To celebrate the launch of the book, which officially comes out Tuesday, Kayne will be hosting bi-coastal dinner parties. Courteney Cox opened the doors of her Malibu abode last Saturday and welcomed a crew of Kayne fans including Laura Dern, who enjoyed recipes from the book such as Parchment Wrapped Halibut with Lavender and Lemon.
In New York this week, Kayne is teaming with DIY dinner-party master Martha Stewart, who wrote the foreword to the book, for an event at Robert De Niro’s Greenwich Hotel. The domestic duo will bring the book to life with a West Coast-inspired soiree at the Tribeca hotspot featuring florals from Fox Fodder Farm, natural table linens and wooden tableware representative of the book’s aesthetic. Guests such as Lauren Bush and Alexi Ashe (Seth Meyers’ wife) will be on hand to sample the California-style cuisine and cocktails, including Golden Roasted Beets with Charred Scallion Pesto and Orrechiette with Broccoli Rabe and Blistered Peppers.
For those looking to recreate her effortless entertaining at home, the book is divided into seasons, each taking a cue from one of Jenni’s favorite California locations and sources of inspiration — Ojai, Lake Tahoe, Santa Ynez and Los Angeles. In addition to menus for a “Simple Summer Brunch” with homemade granola and a “Chocolate Fondue Party” (with vegan chocolate fondue, of course), the photo-driven tome features other key elements for the perfect party, from floral arranging to the ideal supply closet, and ideas for parting gifts (garden sea salt and a honey face mask). Pacific Natural is sure to inspire even the most domestically challenged to store dry goods in glass Weck jars and tie linen napkins with a simple strand of jute twine.
While the book doesn’t suggest how to craft the ideal guest list, the designer confirms that selecting who gathers around the table is almost as important as a signature cocktail like the Rosemary Paloma: “It’s a pretty open-door policy at my house, but a good guest list is really just a group of people who are ready to put their phones away, enjoy one another and maybe come help cook in the kitchen!”
Here is the Halibut recipe from last week’s Malibu dinner:
Parchment Wrapped Halibut with Lavender and Lemon
6 hoja santa leaves or parchment pouches
6 (6-ounce) pieces halibut, skinned & deboned
Salt & black pepper
12 pieces butcher’s twine, each cut 10″ long
12 lemon rounds, cut ¼” thick
12 sprigs lavender, for garnish
2 lemons, cut into wedges, for garnish
To blanch the hoja santa leaves: Fill a pot with water, add ¼ cup of salt and bring to a boil. Fill a large bowl halfway with ice water. Use a sharp knife to remove the thick part of the stem at the base of each leaf, making sure to leave the remainder of the spine of the leaf intact.

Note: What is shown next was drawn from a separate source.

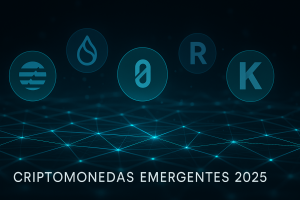 Criptomonedas emergentes que podrían ser la próxima gran sorpresa en 2025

Using a slotted spoon, add one leaf at a time to the boiling water and blanch for 30 seconds until the leaf is pliable. Immediately remove from the boiling water and submerge in ice water. Repeat until all leaves are blanched and iced. Transfer the leaves to a sheet tray lined with a towel and lay flat. Use another towel to blot the leaves. Repeat this step until leaves are dry.
To wrap the halibut: On a clean cutting board, season all sides of the fish with salt, pepper and a sprinkle of chili flakes and drizzle with olive oil. Lay a piece of halibut in the center of each leaf. Starting with the top and bottom of each leaf, neatly fold the edges of the leaves over the fish. Follow with the sides and wrap like a present.
On a clean work surface, lay out two lengths of string, approximately 1½ inches apart. Lay a wrapped piece of halibut across the strings, seam side up, so that the seam of the leaf is perpendicular to the strings. Top with a round of lemon and a sprig of lavender. Wrap twine and tie, taking care to secure the lemon round and lavender. Trim off any loose ends of twine. Repeat with the remaining halibut.
To cook: Heat oven to 400° F. Lay the wrapped halibut on a sheet tray lined with parchment and bake for 15 minutes. Serve with lemon wedges on the side.